Problem statement:
From top to bottom, return the records that follow exactly.

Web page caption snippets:
____

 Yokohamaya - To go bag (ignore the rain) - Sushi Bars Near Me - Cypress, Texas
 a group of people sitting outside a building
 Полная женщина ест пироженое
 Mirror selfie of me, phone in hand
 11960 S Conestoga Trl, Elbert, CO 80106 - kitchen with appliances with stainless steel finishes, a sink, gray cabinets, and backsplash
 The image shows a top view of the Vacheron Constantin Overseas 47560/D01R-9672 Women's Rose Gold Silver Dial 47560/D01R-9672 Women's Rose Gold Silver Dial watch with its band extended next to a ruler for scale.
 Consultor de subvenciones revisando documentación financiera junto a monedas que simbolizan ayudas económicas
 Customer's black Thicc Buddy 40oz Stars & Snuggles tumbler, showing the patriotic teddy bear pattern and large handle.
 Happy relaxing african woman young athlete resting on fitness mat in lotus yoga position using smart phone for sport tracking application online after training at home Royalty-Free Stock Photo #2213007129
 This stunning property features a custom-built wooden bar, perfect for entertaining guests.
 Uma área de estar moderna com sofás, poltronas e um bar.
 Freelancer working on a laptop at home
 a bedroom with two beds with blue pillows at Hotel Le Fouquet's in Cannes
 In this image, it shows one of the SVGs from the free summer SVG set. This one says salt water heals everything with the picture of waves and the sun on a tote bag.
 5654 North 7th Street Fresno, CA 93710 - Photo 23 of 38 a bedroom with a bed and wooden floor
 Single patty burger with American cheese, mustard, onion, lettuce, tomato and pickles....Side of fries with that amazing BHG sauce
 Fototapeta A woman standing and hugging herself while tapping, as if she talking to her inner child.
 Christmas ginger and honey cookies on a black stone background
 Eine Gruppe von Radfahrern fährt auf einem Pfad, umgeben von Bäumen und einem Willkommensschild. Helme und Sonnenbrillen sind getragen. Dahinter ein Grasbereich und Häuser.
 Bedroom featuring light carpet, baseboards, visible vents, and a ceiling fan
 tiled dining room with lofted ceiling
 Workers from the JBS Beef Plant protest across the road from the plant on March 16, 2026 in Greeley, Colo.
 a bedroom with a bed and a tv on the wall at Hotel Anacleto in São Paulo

____

Your solution:
 Yokohamaya - To go bag (ignore the rain) - Sushi Bars Near Me - Cypress, Texas
 a group of people sitting outside a building
 Полная женщина ест пироженое
 Mirror selfie of me, phone in hand
 11960 S Conestoga Trl, Elbert, CO 80106 - kitchen with appliances with stainless steel finishes, a sink, gray cabinets, and backsplash
 The image shows a top view of the Vacheron Constantin Overseas 47560/D01R-9672 Women's Rose Gold Silver Dial 47560/D01R-9672 Women's Rose Gold Silver Dial watch with its band extended next to a ruler for scale.
 Consultor de subvenciones revisando documentación financiera junto a monedas que simbolizan ayudas económicas
 Customer's black Thicc Buddy 40oz Stars & Snuggles tumbler, showing the patriotic teddy bear pattern and large handle.
 Happy relaxing african woman young athlete resting on fitness mat in lotus yoga position using smart phone for sport tracking application online after training at home Royalty-Free Stock Photo #2213007129
 This stunning property features a custom-built wooden bar, perfect for entertaining guests.
 Uma área de estar moderna com sofás, poltronas e um bar.
 Freelancer working on a laptop at home
 a bedroom with two beds with blue pillows at Hotel Le Fouquet's in Cannes
 In this image, it shows one of the SVGs from the free summer SVG set. This one says salt water heals everything with the picture of waves and the sun on a tote bag.
 5654 North 7th Street Fresno, CA 93710 - Photo 23 of 38 a bedroom with a bed and wooden floor
 Single patty burger with American cheese, mustard, onion, lettuce, tomato and pickles....Side of fries with that amazing BHG sauce
 Fototapeta A woman standing and hugging herself while tapping, as if she talking to her inner child.
 Christmas ginger and honey cookies on a black stone background
 Eine Gruppe von Radfahrern fährt auf einem Pfad, umgeben von Bäumen und einem Willkommensschild. Helme und Sonnenbrillen sind getragen. Dahinter ein Grasbereich und Häuser.
 Bedroom featuring light carpet, baseboards, visible vents, and a ceiling fan
 tiled dining room with lofted ceiling
 Workers from the JBS Beef Plant protest across the road from the plant on March 16, 2026 in Greeley, Colo.
 a bedroom with a bed and a tv on the wall at Hotel Anacleto in São Paulo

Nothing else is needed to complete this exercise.